Cette réunion a été une opération diplomatique très complexe considerée comme une mission humanitaire. Il fallait une logistique sur place, loger toutes ces personnes à l’hôtel, assurer leur transport aux frais de la Côte d’Ivoire. Au cours de cette réunion qui a réuni 37 personnes à la résidence de Houphouët, Charles Taylor s’est confondu en excuses et a pris l’engagement de suivre personnellement le processus de désarmement. Après 5h de réunion, tout avait été réglé. Tous les rebelles ont démandé à prolonger leur séjour de 24h à Génève pour se détendre et poursuivre le dialogue entamé dans l’avion qui les a transportés en Suisse. Il a fallu donc loger à nouveau tout ce beau monde. Houphouët-Boigny qui tient à sa crédibilité et à son image, a exigé qu’on règle la note des hôtels pour éviter de faire comme de nombreux Africains qui laissent des ardoises durant leur séjour. Quand j’ai envoyé le comptable régler la note, à ma grande surprise, on s’est retrouvé face à une facture faramineuse.
Les rébelles libériens ont vidé tous les réfrigérateurs de leurs contenus ; ils ont même commandé chacun cinq bouteilles de Whisky de marque (Chivaz, Royal salut) qui coûtent très chers en disant que c’est la Côte d’Ivoire qui va payer. J’étais furieux de voir qu’il y avait plus de dépenses de consommation que de prix d’hôtel. Je les ai quailifés de voyous et le président Houphouët m’a répondu d’un air stoïque pour dire qu’on n’a plus de la pluie quand on est dans l’eau. C’est le prix de la paix ; si on n’arrête pas cette guerre, elle va nous rattraper un jour, a-t-il ajouté. Je me demande si les Libériens mesurent les sacrifices consentis par la Côte d’Ivoire pour le retour de la paix dans leur pays. Du point de vue des relations internationales, on a innové sur la question des réfugiés. On a été félicités par les Nations unies parce que c’est la première fois que les réfugiés n’ont pas été mis dans des tentes dans des camps. Tous les réfugiés libériens ont été hébergés dans des familles ivoiriennes comme parce qu’elles appartenaient aux mêmes ethnies. Ce qui est bizarre, c’est que le président Samuel Doé avait son village en Côte d’Ivoire où de nombreux krhan, c’est-à-dire les Guéré, s’y sont réfugiés. On a humanisé la question des réfugiés.
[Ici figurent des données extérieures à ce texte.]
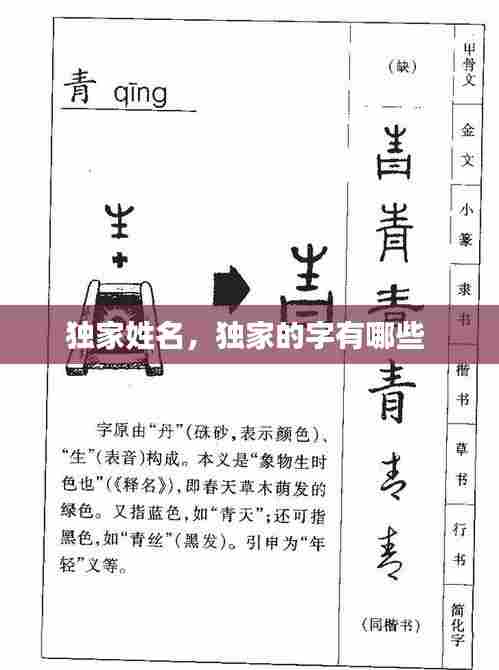 独家姓名，独家的字有哪些 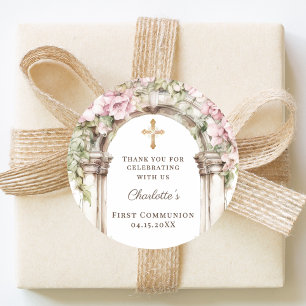 Adesivo Redondo Menina Primeira Comunhão Arco de Florais Rosa Cruz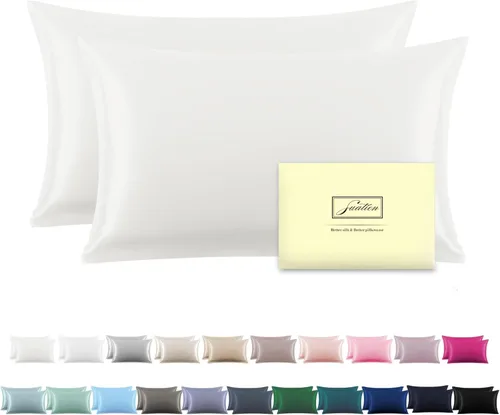 Vista 42 de Funda de almohada de seda para cabello y piel, suave, transpirable y resistente, funda de almohada de seda de tamaño Queen, fundas de almohada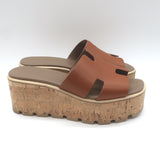 Hermes Eze 30 Cork Platform Wedge Sandals Brown Leather Size 36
Cela a fait l’objet d’une résolution de l’Onu pour féliciter la Côte d’Ivoire. Parlant de Georges Weah, il a un avantage parce qu’il y a toujours un ressentiment des « Native » vis-à-vis de leurs frères « Congo » d’origine américaine. C’est la première fois qu’un autochtone est démocratiquement élu, légitimé par le peuple. Les « Native » sont fiers de voir un de leurs fils à la tête de l’Etat. L’ancienne présidente Ellen Johnson Sirleaf est considérée comme un « Congo » bien que son père soit d’origine allemande. Georges Weah est considéré comme un pur autochtone qui arrive au pouvoir par la voie démocratique. C’est un atout considérable.
Cela suffit-il pour qu’il réussisse ?
Cela ne suffit pas certainement pour qu’il réussisse. Tout va dépendre de son entourage. Le Libéria dispose de cadres bien formés et bien éduqués dans les universités américaines. Ils ont une brochette de compétences dans bien des domaines. Si Weah s’entoure de toutes ces compétences, je pense qu’il peut s’en sortir.